Although Sharon’s Likud Party soundly defeated his plan to pull out of Gaza in a referendum, Sharon was adamant yesterday. “I want to say in the clearest fashion there will be another plan,” he told a meeting of Likud MPs, according to a participant.

Israeli officials suggested the plan – which had won US backing and was popular with Israelis – would be slightly scaled down, and the new version would not be put to a Likud vote.

Sharon had proposed his “disengagement plan” as the best way to obtain security for Israel in the absence of peace moves and to defuse international pressure for greater concessions.

Residents of the Gaza settlement of Neve Dekalim, who had energetically campaigned against the plan, symbolically declared victory yesterday by laying the cornerstone for a new neighbourhood. “It says we’re here to stay,” said Esther Lilienthal, 67.

Sharon said he would present his new plan to parliament and to the cabinet, but not to another party referendum.

“The Likud members said ‘No’ to a specific plan, not to all plans,” cabinet minister Tzipi Livni said.
Sharon’s original plan envisaged an Israeli withdrawal from Gaza, home to 7,500 settlers in 21 settlements, and the evacuation of four small settlements in the West Bank by the end of 2005.

Last month US president George Bush tried to boost Sharon’s chances in the referendum, endorsing the plan and giving him unprecedented assurances that in a final peace deal Israel would not have to withdraw from all of the West Bank.

In Washington, US state department spokesman Richard Boucher said the vote was a “setback” for Sharon.
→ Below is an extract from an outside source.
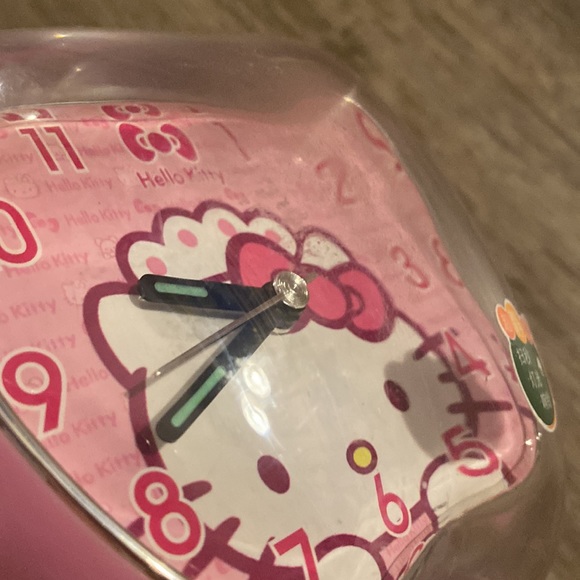 💘 Hello Kitty Vintage Sanrio Apple Alarm Clock 💘 - Picture 2 of 7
He said the disengagement plan could still be a way to move peace talks forward, but added: “I don’t think we’ve hitched our wagon to any single effort.”

Moderate members of Sharon’s coalition said the disengagement plan had strong public support and demanded it be presented to the cabinet, saying it was absurd to give a tiny fraction of the population a virtual veto over matters of such vital importance to the nation.